ASSIGNED TASK:
Go through the lines below. Copy those with "Casa".

Items listed in a dataset
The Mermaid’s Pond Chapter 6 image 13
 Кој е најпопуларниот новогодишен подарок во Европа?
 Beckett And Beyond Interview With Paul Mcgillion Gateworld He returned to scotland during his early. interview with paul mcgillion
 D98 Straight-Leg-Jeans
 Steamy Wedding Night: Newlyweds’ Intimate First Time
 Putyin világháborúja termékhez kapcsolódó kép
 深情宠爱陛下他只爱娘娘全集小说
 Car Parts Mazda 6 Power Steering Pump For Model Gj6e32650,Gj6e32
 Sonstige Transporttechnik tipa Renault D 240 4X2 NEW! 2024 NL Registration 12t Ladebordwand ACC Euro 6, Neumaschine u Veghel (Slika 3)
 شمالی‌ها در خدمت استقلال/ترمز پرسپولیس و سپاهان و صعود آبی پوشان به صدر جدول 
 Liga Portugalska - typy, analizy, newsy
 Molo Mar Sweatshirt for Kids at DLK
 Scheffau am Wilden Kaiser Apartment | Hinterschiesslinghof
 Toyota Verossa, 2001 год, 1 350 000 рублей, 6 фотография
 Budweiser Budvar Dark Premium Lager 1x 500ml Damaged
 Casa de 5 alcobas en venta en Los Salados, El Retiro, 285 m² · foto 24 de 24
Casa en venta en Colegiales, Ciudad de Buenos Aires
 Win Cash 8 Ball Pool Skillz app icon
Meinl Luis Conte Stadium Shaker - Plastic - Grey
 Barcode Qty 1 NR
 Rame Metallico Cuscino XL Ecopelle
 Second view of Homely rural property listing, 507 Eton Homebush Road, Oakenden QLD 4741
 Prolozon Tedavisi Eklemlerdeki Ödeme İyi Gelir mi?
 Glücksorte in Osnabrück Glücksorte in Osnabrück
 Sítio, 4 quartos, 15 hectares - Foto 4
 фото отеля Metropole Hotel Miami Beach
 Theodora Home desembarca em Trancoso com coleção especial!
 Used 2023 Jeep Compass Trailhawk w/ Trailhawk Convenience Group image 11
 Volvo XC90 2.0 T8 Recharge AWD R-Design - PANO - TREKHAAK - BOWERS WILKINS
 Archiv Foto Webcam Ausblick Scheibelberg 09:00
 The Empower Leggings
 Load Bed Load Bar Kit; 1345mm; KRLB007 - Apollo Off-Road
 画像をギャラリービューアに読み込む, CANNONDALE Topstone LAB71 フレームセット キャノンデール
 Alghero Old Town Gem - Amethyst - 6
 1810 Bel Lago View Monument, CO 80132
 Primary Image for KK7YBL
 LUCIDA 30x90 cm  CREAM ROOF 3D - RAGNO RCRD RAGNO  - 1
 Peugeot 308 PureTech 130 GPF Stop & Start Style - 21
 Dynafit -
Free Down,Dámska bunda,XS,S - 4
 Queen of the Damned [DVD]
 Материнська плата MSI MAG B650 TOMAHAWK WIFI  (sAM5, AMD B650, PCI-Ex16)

EXERCISE SOLUTION:
 Casa de 5 alcobas en venta en Los Salados, El Retiro, 285 m² · foto 24 de 24
Casa en venta en Colegiales, Ciudad de Buenos Aires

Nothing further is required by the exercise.